Another aspect of the invention relates to the use of a kit comprising antibodies specific for SERPINB1 for the diagnosis of a myeloproliferative neoplasm, preferably selected from the list comprising Vera Polycythemia, Primary Myelofibrosis, Essential Thrombocythemia JAK2WT or Essential Thrombocythemia JAK2V617F and more preferably Thrombocythemia Essential JAK2WT. A preferred embodiment of this aspect of the invention relates to the use of a kit comprising antibodies specific for SERPINB1 and CD44 for the diagnosis of a myeloproliferative neoplasm, preferably selected from the list comprising Vera Polycythemia, Primary Myelofibrosis, Essential Thrombocythemia JAK2WT or Thrombocythemia Essential JAK2V617Fy more preferably Essential Thrombocythemia JAK2WT. In another preferred embodiment in immunohistochemistry the primary antibody used to detect SERPINB1 is an antibody that recognizes the sequence SEQ ID NO: 3. In a more preferred embodiment in immunohistochemistry the primary antibody used to detect SERPINB1 is HPA018871 SERPINB1 (Sigma Aldrich, Steinheim, Germany). In another preferred embodiment the antibody specific for CD44 is pan-specific human CD44 (R&D, Minneapolis, MN, USA).

image25

image26

The kits used for diagnosis can comprise all those reagents necessary to determine the amount of the SERPINB1 protein alone or SERPINB1 and CD44 by immunohistochemistry such as, but not limited to, antibodies specific to the SERPINB1 protein, antibodies specific to the CD44 protein, secondary antibodies or positive and / or negative controls. The kit can also include, without any limitation, buffers, protein extraction solutions, agents to prevent contamination, inhibitors of protein degradation, sample fixation media, etc.

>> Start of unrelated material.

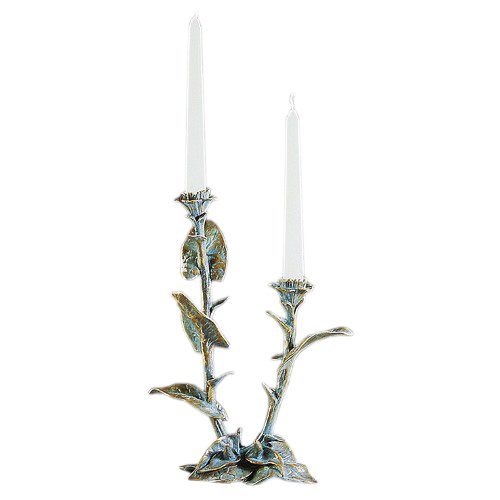 Подсвечник Габи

On the other hand, the kit can include all the supports and containers necessary for commissioning and optimization. Preferably, the kit further comprises instructions for carrying out the method of the invention.

Throughout the description and the claims the word "comprises" and its variants are not intended to exclude other technical characteristics, additives, components or steps. For those skilled in the art, other objects, advantages and features of the invention will be derived partly from the description and partly from the practice of the invention. The following examples and figures are provided by way of illustration, and are not intended to be limiting of the present invention.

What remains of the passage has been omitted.